As per my experience so far with UWorld and other sources, it is more likely that the presentation will be that of an old man with tearing type chest pain and a sky high BP than low BP and JVD, but it's important to recognize that a dissection can cause tamponade.

Acute post-viral pericarditis can present with an effusion leading to tamponade. This will usually be reflected in the history. With pericardial effusion the duration over which fluid accumulates is the difference between tamponade and a bottle shaped cardiac shadow on CXR.
 
As per my experience so far with UWorld and other sources, it is more likely that the presentation will be that of an old man with tearing type chest pain and a sky high BP than low BP and JVD, but it's important to recognize that a dissection can cause tamponade.

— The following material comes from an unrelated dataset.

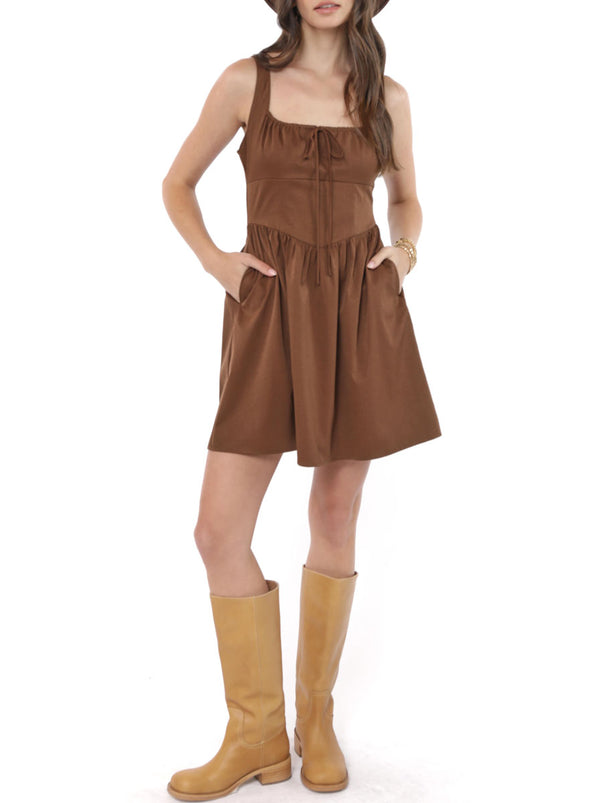 BROOKLYN MILKMAID SLV/LESS MINI DRESS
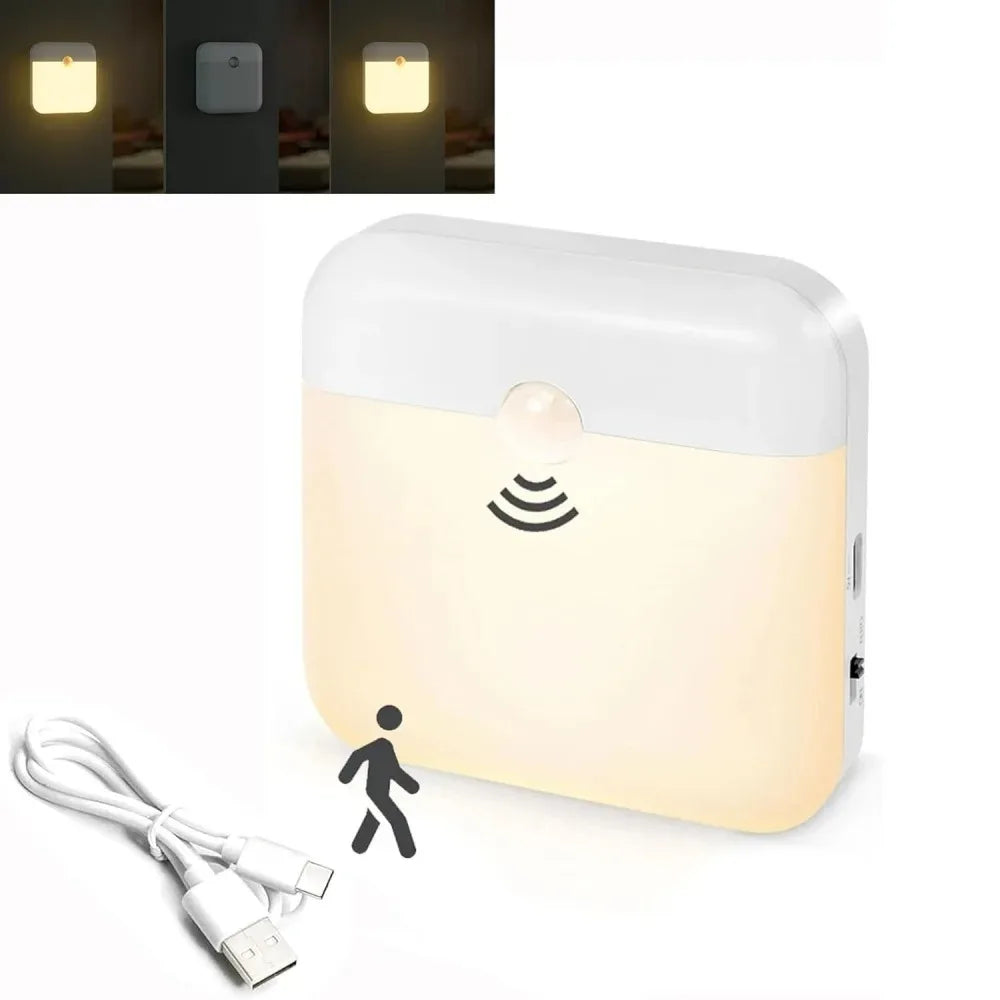 PIR Motion Sensor LED Night Light USB Rechargeable Withswitch Night Lamp for Bedroom Kitchen Cabinet Light Wireless Closet Light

Acute post-viral pericarditis can present with an effusion leading to tamponade. This will usually be reflected in the history. With pericardial effusion the duration over which fluid accumulates is the difference between tamponade and a bottle shaped cardiac shadow on CXR.

The word you're looking for is "Globular" haha.

And yeah, you're right on all points. With no history of a viral illness, no worsening of pain with changes in position, a normal cardiac exam (no pericardial rub) and more retrosternal pain (that is acute <24h), all signs point to dissection for me.